I was tagged by the beautiful @healthyhapachick to share my @ww story. .
I began my journey, EXACTLY, two years ago TODAY! September 26 has a very special place in my heart because I (unknowingly) joined #ww for the first time on Sept 26, 2006 and 10 years, to the date, later I rejoined in 2016. Bananas!
This was my third attempt at #ww. I lost 60 lbs the first time around, 50 the second time, and as much as 60 lbs this time. I have lost the same 60 lbs, three times. .
I rejoined, two years ago, not knowing if I was really going to try. I joined because WW emailed me a promotion deal that was too good to pass up. I walked into my meeting and told my leader that I wasn’t sure if I was ready, but I’d try anyway.
That was the best uncertain moment I’ve ever had in my life.
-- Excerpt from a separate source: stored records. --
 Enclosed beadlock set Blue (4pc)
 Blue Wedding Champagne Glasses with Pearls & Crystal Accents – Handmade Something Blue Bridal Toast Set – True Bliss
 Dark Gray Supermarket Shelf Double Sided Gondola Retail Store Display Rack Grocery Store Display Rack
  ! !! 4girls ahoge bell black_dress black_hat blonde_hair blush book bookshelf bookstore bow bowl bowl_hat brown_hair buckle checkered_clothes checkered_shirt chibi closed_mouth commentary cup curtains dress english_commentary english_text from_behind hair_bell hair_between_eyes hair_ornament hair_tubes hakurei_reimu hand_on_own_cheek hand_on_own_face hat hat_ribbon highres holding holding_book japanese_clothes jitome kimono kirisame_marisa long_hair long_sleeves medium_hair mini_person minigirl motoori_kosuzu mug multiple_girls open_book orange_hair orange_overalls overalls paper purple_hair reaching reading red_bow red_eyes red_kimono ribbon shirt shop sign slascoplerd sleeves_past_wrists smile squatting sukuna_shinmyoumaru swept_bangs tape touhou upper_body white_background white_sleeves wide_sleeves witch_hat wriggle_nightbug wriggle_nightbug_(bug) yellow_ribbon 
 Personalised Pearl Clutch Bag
I was 207.4 lbs, not my heaviest, but definitely in the worst place I’ve ever been. I was unhappy, I was not in a good place. I never turned to alcohol, sex, or drugs. I turned to food. I remember setting up dinner plans with friends, but I always made sure to eat before I met up with them. That way, they didn’t see how much I really ate. I use to go to the drive-thru and eat in my car, alone. My car because my safe place; nobody would judge me there. .
I refused to date because I was afraid of rejection. Who would want an overweight, short, ugly girl? These thoughts were embedded in my head since childhood. I never forgot the teasing, my bullies, or the boys that wouldn’t date me because I was fat. I thought they won.
They didn’t win. I win! Although I am 20 lbs heavier today than I was last year, and a total of 25 from my lowest, I am happy! I am strong! I am living my best life. .
Everyday, I have to remind myself that I AM STRONG. I AM ENOUGH. I AM LOVED. I AM INSPIRING. I AM CAPABLE. I AM HERE.
I am not perfect. I struggle. E V E R Y D A Y !! But I won’t quit. I may take breaks and long pauses, but I always come home. WW is home.
I nominate @theshrinkingmomma @themuchomama and @the_fit_and_fabuless_mama to share their WW journey.